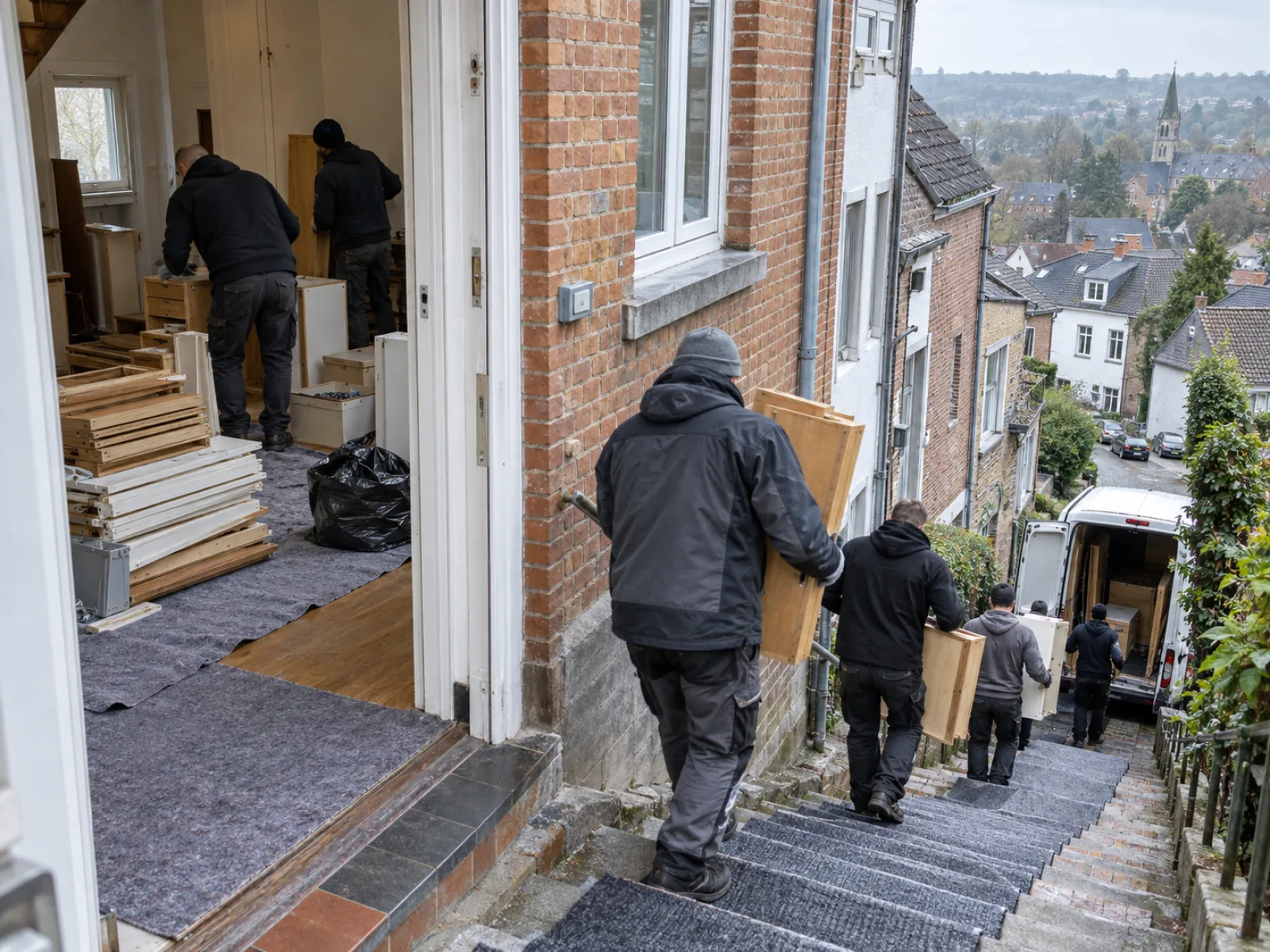 Tijdens de werken — Woning aan een trapstraat ontruimen in Beersel — AI-illustratie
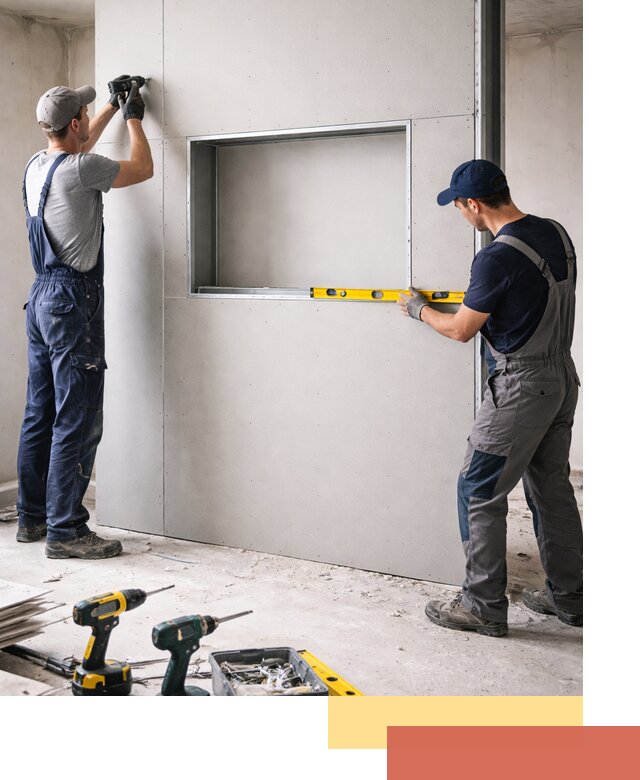 Перегородка из гипсокартона с нишей под декор в слободском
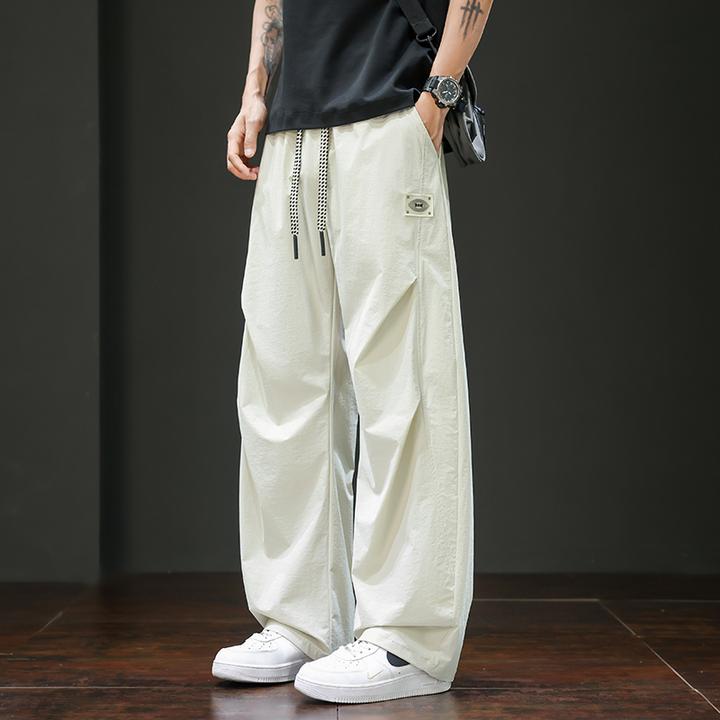 夏季薄款透气长裤男孩高中初中学生冰丝休闲裤青少年大童直筒裤子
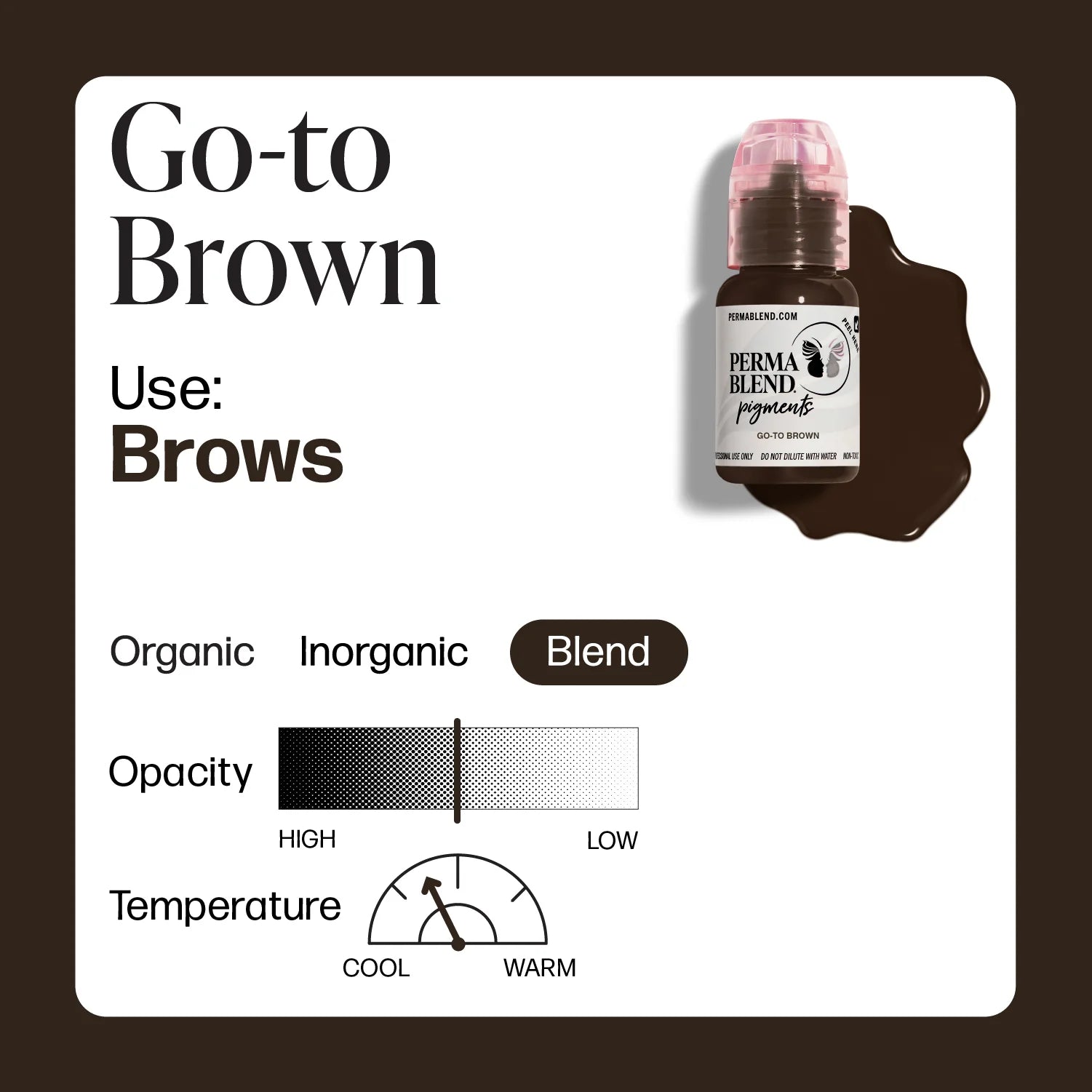 Eyebrow Pigment – Perma Blend Go-To Brown 15ml | Permanent Makeup SPMU Brow Ink for Nano Brows, Microblading, Ombré Brows & Powder Brows | Professional PMU Pigment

- [Task directions]: Only the lines from the one containing "夏季薄款透气长裤男孩高中初中学生冰丝休闲裤青少年大童直筒裤子" through the final line of the listing should be reproduced, exactly and with no pictures.

- [Answer to this task]:
 夏季薄款透气长裤男孩高中初中学生冰丝休闲裤青少年大童直筒裤子
 Eyebrow Pigment – Perma Blend Go-To Brown 15ml | Permanent Makeup SPMU Brow Ink for Nano Brows, Microblading, Ombré Brows & Powder Brows | Professional PMU Pigment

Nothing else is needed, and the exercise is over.